• _Your assignment_:
From the line that contains "Büyükşehir, yarıyılda 890 okulu ilaçladı" down to the last line of the listing below, reproduce each line exactly but not the pictures.

[[ Data, beginning ]]

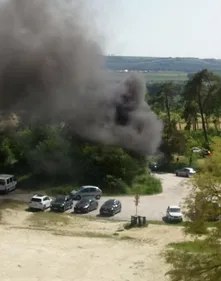Impressionnant feu de voiture
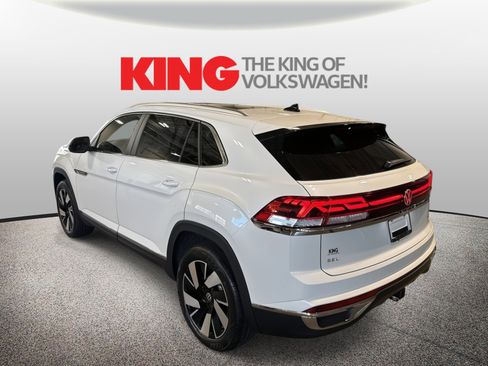 New 2025 Volkswagen Atlas Cross Sport SEL image 7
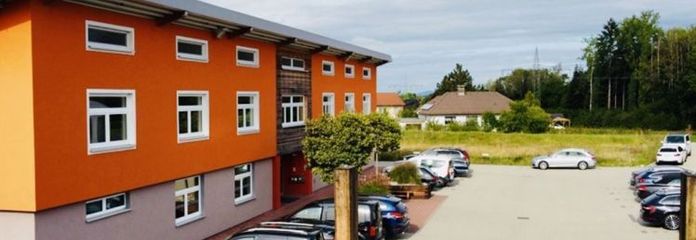 Bj 2010: Flexibles Gewerbe-Bürogebäude, viele Parkplätze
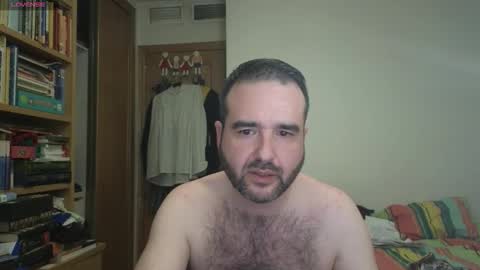 Snapshot of curiosillo1983 chatting on 4, 10, 2025 curiosillo1983 online show from 4, 10, 2025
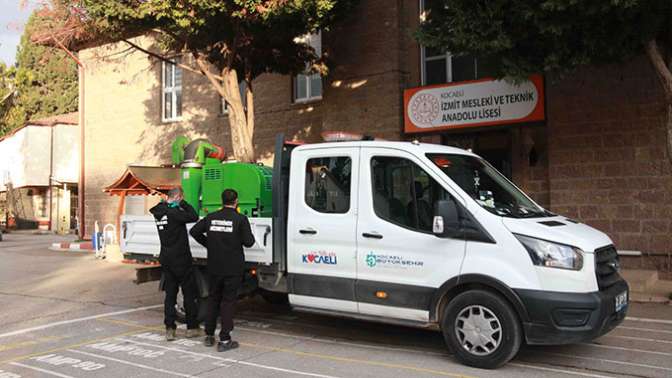 Büyükşehir, yarıyılda 890 okulu ilaçladı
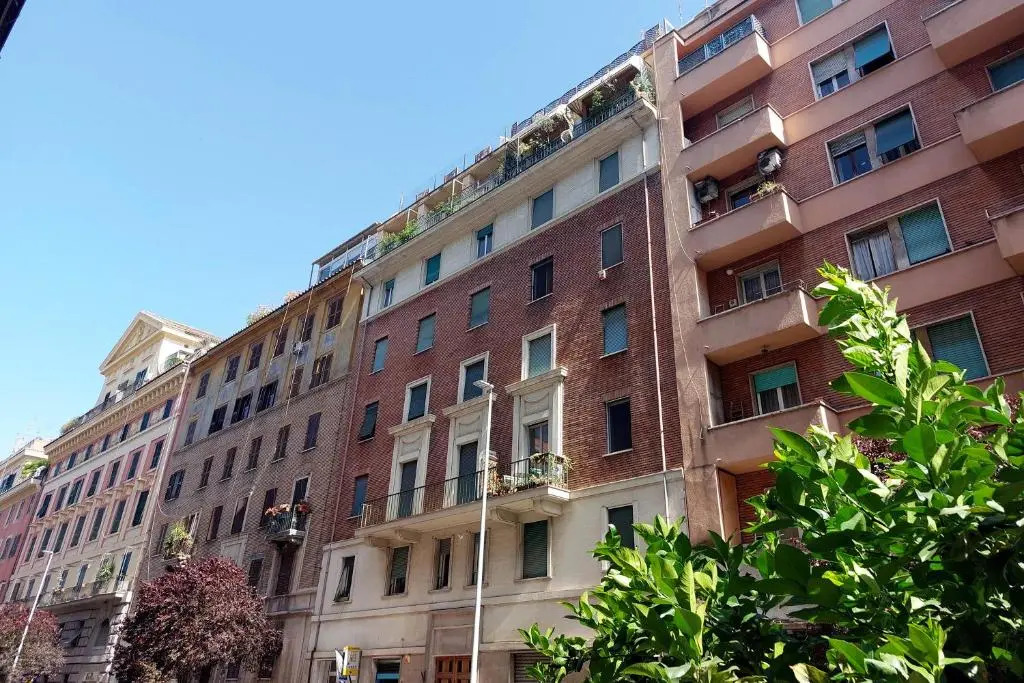 Silvanos Home In Rome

[[ Data, end ]]

• _Response area_:
 Büyükşehir, yarıyılda 890 okulu ilaçladı
 Silvanos Home In Rome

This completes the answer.